## [Problem statement]
Find and copy every line in the records that includes the string "Before".

━━ Material for this exercise

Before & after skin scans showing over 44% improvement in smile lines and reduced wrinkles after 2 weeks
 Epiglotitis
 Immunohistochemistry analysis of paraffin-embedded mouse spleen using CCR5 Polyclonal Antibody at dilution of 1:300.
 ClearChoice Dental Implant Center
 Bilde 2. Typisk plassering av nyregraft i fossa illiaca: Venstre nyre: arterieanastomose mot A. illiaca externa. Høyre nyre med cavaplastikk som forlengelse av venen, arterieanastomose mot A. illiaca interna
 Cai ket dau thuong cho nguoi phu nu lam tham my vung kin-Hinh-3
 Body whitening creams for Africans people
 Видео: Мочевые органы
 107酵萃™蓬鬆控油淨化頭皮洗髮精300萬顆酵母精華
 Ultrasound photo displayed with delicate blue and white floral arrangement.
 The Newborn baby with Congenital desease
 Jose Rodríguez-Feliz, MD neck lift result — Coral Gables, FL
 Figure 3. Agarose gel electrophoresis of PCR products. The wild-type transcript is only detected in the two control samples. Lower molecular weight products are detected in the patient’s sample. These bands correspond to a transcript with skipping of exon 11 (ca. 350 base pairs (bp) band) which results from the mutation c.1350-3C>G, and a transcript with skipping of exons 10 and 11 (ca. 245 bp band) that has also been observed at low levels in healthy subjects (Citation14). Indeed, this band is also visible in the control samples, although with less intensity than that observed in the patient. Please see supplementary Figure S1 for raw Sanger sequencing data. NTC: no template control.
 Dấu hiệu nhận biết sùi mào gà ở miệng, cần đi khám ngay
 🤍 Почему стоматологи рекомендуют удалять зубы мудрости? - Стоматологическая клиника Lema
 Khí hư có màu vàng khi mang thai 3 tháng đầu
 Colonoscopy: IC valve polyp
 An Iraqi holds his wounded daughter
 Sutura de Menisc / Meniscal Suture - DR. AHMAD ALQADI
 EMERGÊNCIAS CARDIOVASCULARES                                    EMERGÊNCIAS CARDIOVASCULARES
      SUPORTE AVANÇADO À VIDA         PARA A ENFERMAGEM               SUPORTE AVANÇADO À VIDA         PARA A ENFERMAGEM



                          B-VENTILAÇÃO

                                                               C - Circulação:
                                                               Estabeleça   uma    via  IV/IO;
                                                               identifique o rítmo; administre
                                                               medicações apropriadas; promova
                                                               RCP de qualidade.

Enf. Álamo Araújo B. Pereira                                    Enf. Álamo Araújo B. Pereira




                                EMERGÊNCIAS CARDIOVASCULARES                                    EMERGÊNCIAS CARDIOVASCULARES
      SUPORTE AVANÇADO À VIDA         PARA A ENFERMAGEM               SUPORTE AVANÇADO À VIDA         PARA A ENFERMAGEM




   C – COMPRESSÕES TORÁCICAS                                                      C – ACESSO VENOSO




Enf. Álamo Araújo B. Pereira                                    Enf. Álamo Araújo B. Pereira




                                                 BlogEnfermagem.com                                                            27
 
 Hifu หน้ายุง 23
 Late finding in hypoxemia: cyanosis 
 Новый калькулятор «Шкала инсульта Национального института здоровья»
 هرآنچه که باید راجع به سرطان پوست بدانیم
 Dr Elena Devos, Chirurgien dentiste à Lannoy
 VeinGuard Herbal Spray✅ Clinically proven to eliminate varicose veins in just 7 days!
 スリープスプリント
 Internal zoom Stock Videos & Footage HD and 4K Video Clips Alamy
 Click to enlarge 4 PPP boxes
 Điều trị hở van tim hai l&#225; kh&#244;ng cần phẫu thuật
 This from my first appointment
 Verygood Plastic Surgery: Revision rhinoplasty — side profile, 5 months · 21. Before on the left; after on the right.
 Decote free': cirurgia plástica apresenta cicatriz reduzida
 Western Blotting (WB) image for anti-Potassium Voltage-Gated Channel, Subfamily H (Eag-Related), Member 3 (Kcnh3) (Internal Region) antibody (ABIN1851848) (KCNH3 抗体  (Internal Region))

━━━━

## [Response to this task]
Before & after skin scans showing over 44% improvement in smile lines and reduced wrinkles after 2 weeks
 Verygood Plastic Surgery: Revision rhinoplasty — side profile, 5 months · 21. Before on the left; after on the right.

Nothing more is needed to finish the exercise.